Brad Stone writes as if he has lived the lives of the Amazon founders including Jeff. It also gives you a unique perspective of the Internet when things started. Must-read for those who are big fans of the history of the Internet. This is a slice of it.

I gained quite an understanding of Jeff Bezos as a person and his techniques to lead Amazon to where it is now. Similar to Jobs and Musk Jeff demands an insanely high standard of those who work with him. The author was a little too positive on Bezos and sheltered us from any shortcomings he might have. Nonetheless I enjoyed the pace and tone of the book.
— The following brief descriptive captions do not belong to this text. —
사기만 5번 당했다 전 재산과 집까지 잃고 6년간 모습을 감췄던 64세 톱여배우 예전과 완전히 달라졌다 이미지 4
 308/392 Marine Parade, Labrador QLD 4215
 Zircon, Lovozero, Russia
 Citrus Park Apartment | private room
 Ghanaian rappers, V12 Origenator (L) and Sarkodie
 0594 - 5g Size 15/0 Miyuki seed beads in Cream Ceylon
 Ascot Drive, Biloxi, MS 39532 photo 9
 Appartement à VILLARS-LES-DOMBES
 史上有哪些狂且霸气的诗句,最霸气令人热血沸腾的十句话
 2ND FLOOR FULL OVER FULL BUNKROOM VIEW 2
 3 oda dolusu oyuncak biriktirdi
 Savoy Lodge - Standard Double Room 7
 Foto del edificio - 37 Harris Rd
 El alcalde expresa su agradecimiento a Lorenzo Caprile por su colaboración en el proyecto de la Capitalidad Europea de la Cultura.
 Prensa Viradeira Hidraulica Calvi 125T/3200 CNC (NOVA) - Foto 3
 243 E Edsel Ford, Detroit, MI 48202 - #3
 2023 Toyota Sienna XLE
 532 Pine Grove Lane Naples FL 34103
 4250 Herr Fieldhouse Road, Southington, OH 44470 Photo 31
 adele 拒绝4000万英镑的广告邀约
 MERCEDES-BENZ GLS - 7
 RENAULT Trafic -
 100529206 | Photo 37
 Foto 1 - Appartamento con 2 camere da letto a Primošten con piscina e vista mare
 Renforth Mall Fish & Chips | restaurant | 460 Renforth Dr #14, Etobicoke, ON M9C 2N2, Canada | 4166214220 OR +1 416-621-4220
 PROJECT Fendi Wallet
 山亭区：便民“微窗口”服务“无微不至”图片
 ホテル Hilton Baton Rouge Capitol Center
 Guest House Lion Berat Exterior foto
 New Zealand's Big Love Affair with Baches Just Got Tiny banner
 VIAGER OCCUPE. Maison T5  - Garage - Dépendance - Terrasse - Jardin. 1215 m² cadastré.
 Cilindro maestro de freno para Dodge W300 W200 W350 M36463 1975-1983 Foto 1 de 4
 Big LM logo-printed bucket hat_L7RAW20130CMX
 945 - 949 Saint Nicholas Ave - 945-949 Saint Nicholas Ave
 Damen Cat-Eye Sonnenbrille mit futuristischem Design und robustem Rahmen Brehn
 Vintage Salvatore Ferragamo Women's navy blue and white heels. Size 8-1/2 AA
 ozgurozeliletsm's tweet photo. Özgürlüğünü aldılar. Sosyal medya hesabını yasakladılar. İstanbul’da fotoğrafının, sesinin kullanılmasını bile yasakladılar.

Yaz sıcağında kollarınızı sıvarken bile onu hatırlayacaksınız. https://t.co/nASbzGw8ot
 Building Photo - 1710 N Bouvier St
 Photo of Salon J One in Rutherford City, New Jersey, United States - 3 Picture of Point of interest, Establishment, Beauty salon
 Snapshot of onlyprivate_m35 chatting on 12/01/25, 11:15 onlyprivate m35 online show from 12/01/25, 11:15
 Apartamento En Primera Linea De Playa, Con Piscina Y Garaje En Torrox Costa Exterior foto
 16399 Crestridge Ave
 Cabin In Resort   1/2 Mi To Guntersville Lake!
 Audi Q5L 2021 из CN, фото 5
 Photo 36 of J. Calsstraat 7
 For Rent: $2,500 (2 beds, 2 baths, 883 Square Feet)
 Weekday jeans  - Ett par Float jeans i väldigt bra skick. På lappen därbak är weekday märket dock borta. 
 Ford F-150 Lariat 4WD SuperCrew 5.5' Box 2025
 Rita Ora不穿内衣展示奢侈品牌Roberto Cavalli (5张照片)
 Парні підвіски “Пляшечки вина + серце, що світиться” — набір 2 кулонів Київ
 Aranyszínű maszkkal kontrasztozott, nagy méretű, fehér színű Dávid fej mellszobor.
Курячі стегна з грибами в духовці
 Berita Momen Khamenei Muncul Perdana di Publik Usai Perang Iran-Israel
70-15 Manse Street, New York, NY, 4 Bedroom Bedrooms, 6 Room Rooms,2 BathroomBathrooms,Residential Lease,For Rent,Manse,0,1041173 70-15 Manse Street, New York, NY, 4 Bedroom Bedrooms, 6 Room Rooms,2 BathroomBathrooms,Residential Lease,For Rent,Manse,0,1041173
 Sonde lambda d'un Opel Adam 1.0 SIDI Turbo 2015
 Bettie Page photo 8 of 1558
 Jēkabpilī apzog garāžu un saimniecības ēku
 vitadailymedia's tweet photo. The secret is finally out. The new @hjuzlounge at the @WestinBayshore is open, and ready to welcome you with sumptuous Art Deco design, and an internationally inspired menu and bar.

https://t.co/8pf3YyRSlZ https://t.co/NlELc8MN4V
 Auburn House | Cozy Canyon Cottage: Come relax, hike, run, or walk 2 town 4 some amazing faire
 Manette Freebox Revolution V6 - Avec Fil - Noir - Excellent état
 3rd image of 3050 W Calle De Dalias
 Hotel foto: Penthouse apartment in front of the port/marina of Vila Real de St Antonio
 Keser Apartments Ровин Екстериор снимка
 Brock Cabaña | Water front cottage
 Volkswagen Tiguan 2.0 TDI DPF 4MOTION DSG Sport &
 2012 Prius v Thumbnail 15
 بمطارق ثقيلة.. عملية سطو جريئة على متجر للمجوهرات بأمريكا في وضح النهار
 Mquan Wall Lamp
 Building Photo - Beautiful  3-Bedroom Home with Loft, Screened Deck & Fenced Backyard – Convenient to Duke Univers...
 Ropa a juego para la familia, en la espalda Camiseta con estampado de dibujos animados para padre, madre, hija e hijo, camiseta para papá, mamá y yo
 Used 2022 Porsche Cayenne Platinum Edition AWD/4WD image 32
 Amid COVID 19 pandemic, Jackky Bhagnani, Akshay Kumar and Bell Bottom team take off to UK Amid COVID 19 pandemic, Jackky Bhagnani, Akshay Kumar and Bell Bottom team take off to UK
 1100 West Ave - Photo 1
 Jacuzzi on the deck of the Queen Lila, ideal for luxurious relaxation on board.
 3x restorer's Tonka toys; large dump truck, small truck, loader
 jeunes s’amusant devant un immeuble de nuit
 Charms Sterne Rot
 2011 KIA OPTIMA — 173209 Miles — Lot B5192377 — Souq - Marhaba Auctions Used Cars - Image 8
I started reading this book hesitant as to how intriguing the Amazon story could really be and I was pleasantly surprised for what I discovered. Jeff is portrayed as someone ambitious, structured and with a long-term vision that explains the success behind this company. It’s interesting to find out how the story was written for Amazon, the things that failed and those that are thriving currently. I would love to know more about the internal culture though, I understand key elements (the passion of the people there, the compromise and the deliver) however I find it intriguing as to how “the cracks” the high stress levels present in projects and in the people working there. Quite an interesting look into Bezos’ story with Amazon.

It's one of those few non fiction books that besides having a compelling and interesting story, filters and teaches great management lessons and gives you great business insights. It boils down the success of Amazon to two key factors, the non stop aggressive approach of Jeff Bezos and also his obsession for Customer satisfaction. I've never heard about any other company so focused on its customer that it just borderlines ridiculous. But I guess ridiculously obsessive gets you to where Amazon is nowadays.

Schlecht editierte Audiodatei, Sprecher kann kein Englisch. Außerdem ist nicht jede Geschichte eines "großen Gründers" interessant. Überflüssiges Buch.